**Input records:**
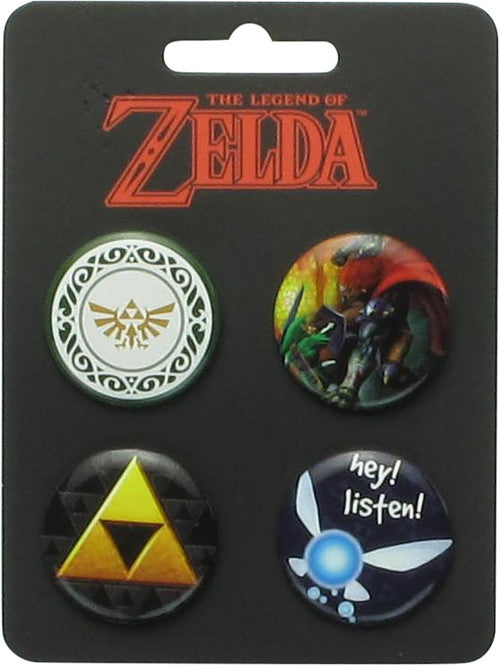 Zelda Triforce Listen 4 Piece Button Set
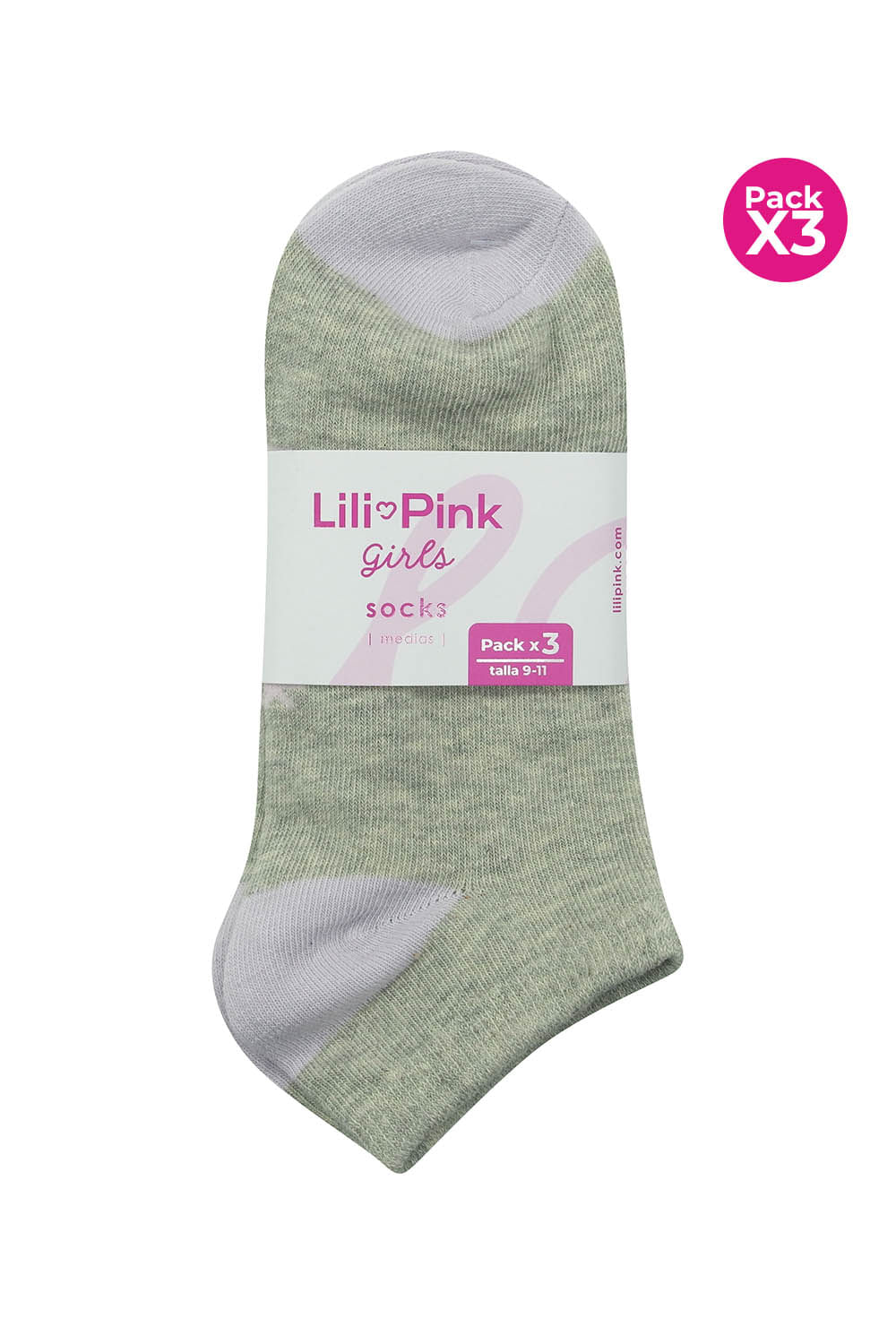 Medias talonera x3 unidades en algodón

==

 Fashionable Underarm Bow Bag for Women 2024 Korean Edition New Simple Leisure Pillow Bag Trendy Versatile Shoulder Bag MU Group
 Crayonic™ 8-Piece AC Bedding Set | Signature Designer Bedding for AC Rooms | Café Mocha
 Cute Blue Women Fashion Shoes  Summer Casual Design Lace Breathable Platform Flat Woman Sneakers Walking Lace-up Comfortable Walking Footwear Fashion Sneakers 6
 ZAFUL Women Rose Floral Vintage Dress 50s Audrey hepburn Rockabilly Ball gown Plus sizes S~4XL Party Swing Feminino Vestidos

**Exercise objective:** The listing above holds a line with "Cute Blue Women" and a line with "ZAFUL Women Rose". Print the stretch from the first through the second, exactly and alone.

**Solution:**
 Cute Blue Women Fashion Shoes  Summer Casual Design Lace Breathable Platform Flat Woman Sneakers Walking Lace-up Comfortable Walking Footwear Fashion Sneakers 6
 ZAFUL Women Rose Floral Vintage Dress 50s Audrey hepburn Rockabilly Ball gown Plus sizes S~4XL Party Swing Feminino Vestidos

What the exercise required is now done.